Recent Projects
US Energy Production by State
We were taksed with building an effective data visualizetion that tells a story, allowing a reader to explore trends or patterns. I based the project on D3.js, and used lean HTML and CSS to do all the formatting. I decided to use a dataset on energy production by state at the US Energy Information Administration site. After spending some time with the data, it became clear that looking at only energy production for each state didn't give a lot of perspective. One issue is larger states, like California completely overshadowed smaller states because the imbalance between their energy production is so great. It was clear there needed to be some ratio to make the comparisons between states make sense. I found a dataset showing US population by state for the same time period, 1990 - 2014, on the US Census website. I also found a dataset on the US Dept. of Commerce Bureau of Economic Analysis website that showed GDP by state for the same time period.
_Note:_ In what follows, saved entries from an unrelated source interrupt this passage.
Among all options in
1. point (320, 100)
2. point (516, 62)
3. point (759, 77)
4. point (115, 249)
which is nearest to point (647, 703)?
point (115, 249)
I decided to join both of these datasets by state and year to the energy dataset to compare energy production by state per capita, or energy by state per dollar GDP. The map data was in GeoJSON format, and was drawn using D3 and SVG. I used a timer, and some user controls to provide animation and interactivity with the data. The source code is posted here.
Predicting NYC Subway Ridership
The purpose of this project was to analyze the features a dataset, containig timestamps from turnstyles of the NYC Subway system, which was combined with data from Weather Underground from the same time period to see if there is a significant difference in subway ridership on rainy and non-rainy days. The readings are stored in the file in four hour bins, with totals on entry and exit counts per bin, per Unit ID, which is effectively the same as a station ID. The dataset includes several other features related to the station and weather conditions including fog, and wind conditions, and latitude and longitude of the station and weather reading. Another goal is to explore the data to find and show other interesting features that show a correlation with subway ridership, and report some other interesting findings.
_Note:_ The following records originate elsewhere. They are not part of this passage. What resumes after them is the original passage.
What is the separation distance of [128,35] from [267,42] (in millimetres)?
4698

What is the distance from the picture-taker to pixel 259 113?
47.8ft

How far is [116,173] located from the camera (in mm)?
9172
Predicting the Compressive Strength of Concrete
This report is an exportatory data analysis on a dataset provided by the University of California at Irvine’s Machine Learning department. The dataset contains 1030 observations including 9 quantitative variables. The UCI ML Cement dataset records compressive strengh of cement in MPa (Megapascals) given 8 other input variables, which are the amonts of the components in Kg, and it’s age in days. The readme for the dataset can be downloaded here. This study aims to define what a relatively strong concrete is in terms of compressive strength, then to see if we can predict the compressive strength of concrete based on the relative proportion of it’s ingredients and it’s age. I selected this dataset not only becasue it met the requirements for the Udacity Exporatory Data Analysis course final project, but in a former job, I advised on computer datalogger setup for a chemical engineer who performed a similar experiment. This particular experiment was to test the compressive strength of concrete with varying quantities of synthetic and organic fiber additives. I did a little bit of research just now and found the results of that specific study here. I worked for a few months at Buckeye Cellulose during the product development cycle of what became known as the UltraFiber 500 concrete reinforcement product. This assigment was one of the specific moments in my IT career that led me to pursue a path more related to science and data analytics.
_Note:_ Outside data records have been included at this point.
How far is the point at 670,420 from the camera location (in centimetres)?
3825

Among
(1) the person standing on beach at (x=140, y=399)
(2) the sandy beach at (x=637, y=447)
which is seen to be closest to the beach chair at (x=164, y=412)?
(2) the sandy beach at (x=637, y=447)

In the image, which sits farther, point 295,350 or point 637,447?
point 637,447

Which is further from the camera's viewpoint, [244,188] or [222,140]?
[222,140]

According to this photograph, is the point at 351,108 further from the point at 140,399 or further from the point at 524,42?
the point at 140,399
Identification of Flower Species Using PyTorch
The goal of this project was to build an image classifier, capable of predicting the species of a flower, given an image of a flower as input. For input data I used a dataset of images of 102 different labeled flower species from University of Oxford, which is available here. I transformed and normalized the image data using the Torchvision libraries that come bundled with the PyTorch framework, and built a custom image classifier which is based on a pre-built image classifier provided by the Torchvision project. A custom classifier output layer was added then trained it on the flower species in this particular dataset using supervised learning techniques on the Tensorflow ML platform using an NVidia GPU. Finally the model was used on a test dataset to predict the species of flowers in the test data with an accuracy of approximately 80%.